Converts a dataframe with information on students to a list of parameters. This
list forms one half of the inputs to prepare_model(). The remaining model
parameters can come from extract_params_yaml() or be supplied directly to
prepare_model() for non-YAML workflows.
Usage
extract_student_info(
dframe,
assignment = c("diversity", "preference"),
self_formed_groups,
demographic_cols,
skills,
pref_mat,
d_mat
)Arguments
- dframe
A dataframe with one row for each student. The columns could possibly contain demographic variables, an overall skill measure, and a column indicating self-formed groups. It is best to have an id column to identify each student.
- assignment
Character string indicating the type of model that this dataset is for. The argument is either 'preference' or 'diversity'. Partial matching is fine.
- self_formed_groups
An integer column that identifies the self-formed groups, submitted by students.
- demographic_cols
A set of integers indicating the columns corresponding to demographic information, e.g. major, year of study, gender, etc. This argument is only used by the diversity-based assignment.
- skills
A numeric measure of overall skill level (higher means more skilled). This argument is only used by the diversity-based assignment. This argument can be set to NULL. If this is done, then the model used only maximises the diversity.
- pref_mat
The preference matrix with dimensions equal to the num of groups x B*T, where T is the number of topics and B is the number of sub-groups per topic. This argument is only used in the preference-based assignment. See the Details section for more information.
- d_mat
The dissimilarity matrix with number of rows equal to the number of students. This matrix should be symmetric, with diagonals equal to 0. This argument is only used in the diversity-based assignment. If it is not provided, the "Gower" distance from the cluster package is used. If this is provided, then demographic_cols is ignored.
Value
For the diversity-based assignment model, this function returns a list containing:
N: number of students
G: number of self-formed groups
m: a (student x groups) matrix, indicating group membership for each student.

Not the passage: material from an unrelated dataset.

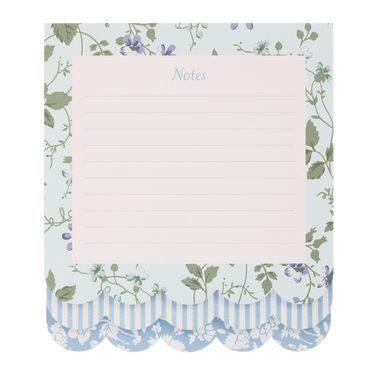 Laura Ashley Heirloom Cottage Layered Pad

d: dissimilarity matrix, NxN
s: skills vector for each individual student (possibly NULL)
For the preference-based assignment model, this function returns a list containing:
N: number of students
G: number of self-formed groups
m: a (student x groups) matrix, indicating group membership for each student.
n: a vector of length G, with the number of students in each self-formed group.
p: The preference matrix from the input argument.
Details
For the diversity-based assignment, the demographic variables are converted
into an NxN dissimilarity matrix. By default, the dissimilarity metric used
is the Gower distance cluster::daisy().
For the preference-based assignment, the preference matrix indicates the preference that each group has for the project topics. For this model, each topic has possibly B sub-groups. The number of columns of this matrix must be B*T. Suppose there are T=3 topics and B=2 sub-groups per topic. Then the order of the sub-topics should be:
T1S1, T2S1, T3S1, T1S2, T2S2, and T3S2.
Note that higher values in the preference matrix reflect a greater preference for a particular topic-subtopic combination, since the objective function is set to be maximised.